Die USA passten ihre Militärstrategie mit Ausweichmanövern an die russischen Angriffe an. In mindestens einem Fall habe ein US-Kampfflugzeug seinen Kurs geändert, um eine „sichere Trennung“ von russischen Maschinen zu gewährleisten, sagte Marine-Kapitän Jeff Davis im Pentagon. Wie nah die Flugzeuge sich kamen sowie wann und wie oft es bisher zu Ausweichmanövern kam, sagte Davis nicht.

Über die Flugbahnen russischer Marschflugkörper seien die USA nicht informiert worden, sagte Davis. Dass Russland diese im Kaspischen Meer positioniert habe, sei aber „keine Überraschung“.

Schoigu sagte, Russland sei bereit, ein Militärabkommen mit den USA über den Einsatz in Syrien zu treffen.
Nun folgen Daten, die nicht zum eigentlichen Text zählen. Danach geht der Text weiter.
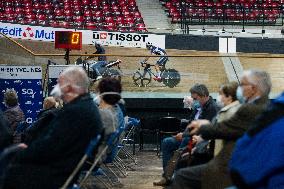French Cycling Team Training During Vaccine Campaign - Saint-Quentin-en-Yvelines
Putin wies den Minister an, sich mit den USA, der Türkei, Saudi-Arabien, dem Irak und dem Iran abzustimmen. Zugleich forderte der Präsident die Führung in Washington auf, mit dem russischen Militär für Luftangriffe in Syrien Informationen über Stellungen der Terroristen zu teilen.

US-Verteidigungsminister Ashton Carter stellte am Mittwoch klar, dass es keine Zusammenarbeit mit Russland bei den Luftangriffen in Syrien gebe. „Wir haben keiner Kooperation mit Russland zugestimmt“, sagte er in Rom. Moskau verfolge in Syrien „die falsche Strategie“ und beschieße Ziele, an denen sich keine IS-Kämpfer aufhielten. Zuvor hatte das russische Verteidigungsministerium angegeben, US-Vorschläge zu einer Koordinierung der Angriffe zu prüfen.